Pour les pf, j'ai répondu en partie dans la première question. Mis à part Pif que j'ai suivi durant des années, quelques Tintin et Astérix, je n'ai lu que des 13/18 durant toute mon enfance. Je n'étais vraiment fan que de deux éditeurs : Lug et Mon Journal (même s'il m'est arrivé d'apprécier des "Oliver" de chez Impéria, ou autre "Kébir"). Actuellement, j'ai dans ma collection des pièces rares comme Akim 3, 4, 5, Rodéo 47, de premiers Hondo, Pipo, etc... A l'âge de 11 ans, j'ai découvert les comics avec Strange. Depuis, je les ai tous récupérés, ainsi que Fantask, Marvel, et les albums Lug super-héros. Cette nouvelle passion m'a fait rapidement découvrir les pockets Arédit, et j'ai donc pu ajouter un autre éditeur à ma passion des pf. Le problème, c'est que j'ai vendu une bonne partie de ma collection Arédit en déménageant un temps à Perpignan. Depuis, je récupère petit à petit les titres manquants. Heureusement, sur le forum de Pimpf, il ne manque pas de bonnes occases à faire auprès de mecs sympas et réglos. Depuis que je suis connecté et que j'ai découvert le "Marché", j'ai trouvé déjà pas mal d'Arédit me manquant. Cool! Chez Mon Journal, mes titres préférés étant gosse étaient Ivanhoé, Lancelot... Et Swing. J'aimais aussi beaucoup Puma Noir, qui sortait en complément de la série-titre dans ces années-là. Tu imagines donc ma plaisir lorsque j'ai eu l'occasion d'illustrer les nouvelles couvertures de notre capitaine rebelle préféré. Avec les couvs de Juin à Août 2005 que vient de me commander MJ, j'aurais illustré 12 couvs d'affilée. Plus que je n'aurais espéré!. Avec Pif Gadget et Lug, Mon Journal était la boîte qui me faisait rêver étant enfant. Comme ça, je suis passé de l'autre côté du miroir, et ai pu apporter ma modeste pierre à l'édifice éternel des trois pourvoyeurs de bonheur de mon enfance. C'est pas si courant, et, crois-moi, je savoure!

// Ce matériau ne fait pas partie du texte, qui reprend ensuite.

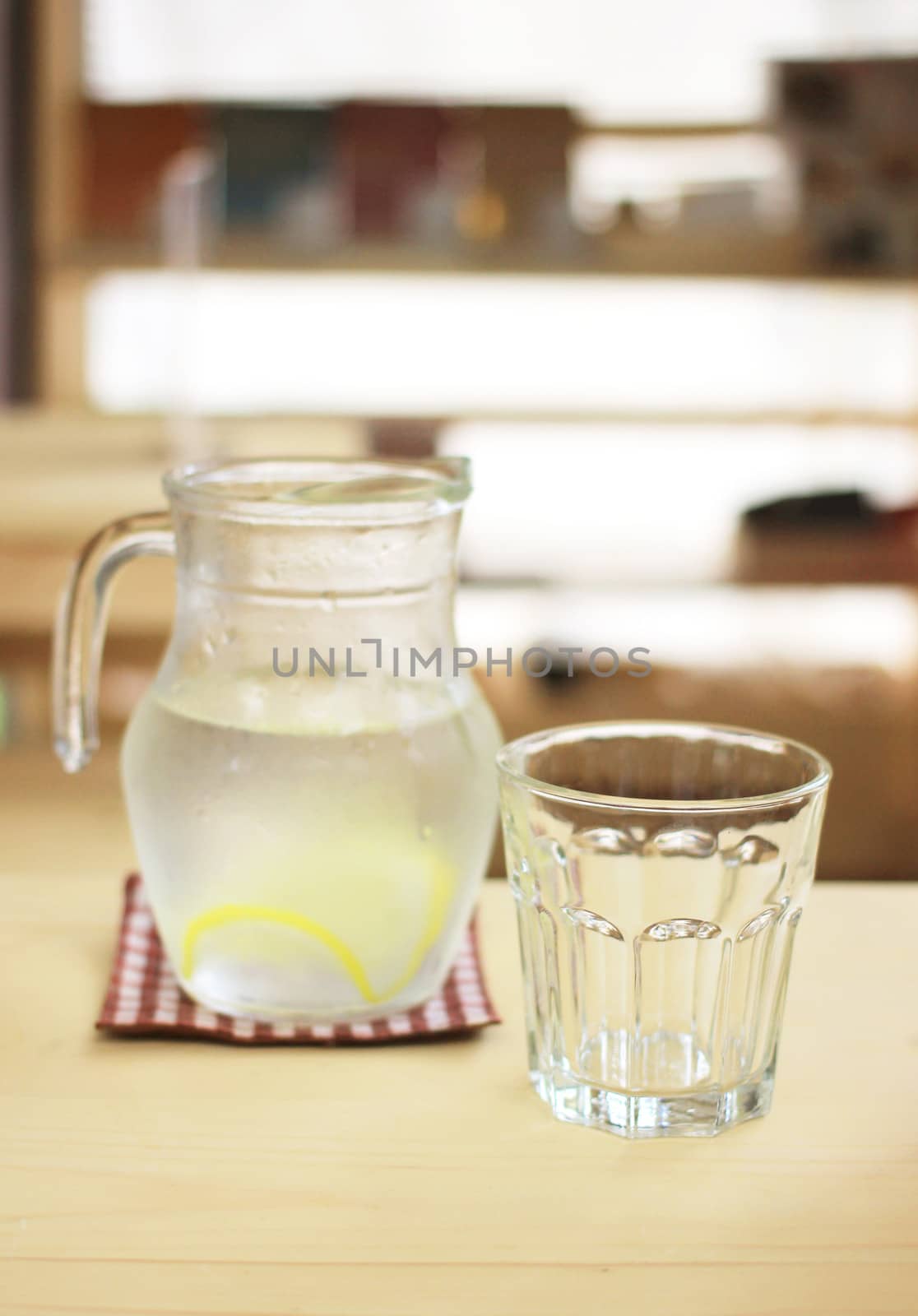 Jar of lemonade with empty glass for summer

Crayonné d'une couverture de Capt'ain Swing

As-tu d'autres projets à plus ou moins longs termes ?
Oui, bien sûr. Depuis Avril, j'ai commencé une collaboration avec Warner, édité en France par Cyberpress, en tant que scénariste/dialoguiste sur des pages de gags. C'est Cyril Bouquet (qui avait déjà illustré un court récit de Dharkold) qui signe les dessins. Nous espérons pouvoir intensifier nos productions chez eux. Sinon, je compte proposer bientôt une 2ème série réaliste à Pif, et peut-être une série comique. Et puis, Dharkold, dès que l'opportunité se présentera. J'aimerais également développer les deux autres segments de mon triptyque consacré à la mythologie celtique, Dharkold étant le premier, généralement situé dans le passé. Les deux autres se déroulent, pour l'un dans le présent, pour l'autre dans l'avenir. Mais tout cela, ça fait beaucoup d'énergie à déployer. Si j'arrive déjà à installer durablement Quentin et à faire revivre Dharkold, je m'estimerai amplement satisfait. Et puis bien sûr, j'espère pouvoir continuer à réaliser des couvertures pour Swing encore longtemps, même par intermittence. Merci de m'avoir proposé cette interview, Dom! Encore bravo pour ta ténacité, et longue vie à Pimpf, véritable bible des pf, que ce soit sur papier ou en ligne.
Bonne route à tous!

Entretien réalisé par Dominik Vallet via internet le 1er juin 2005.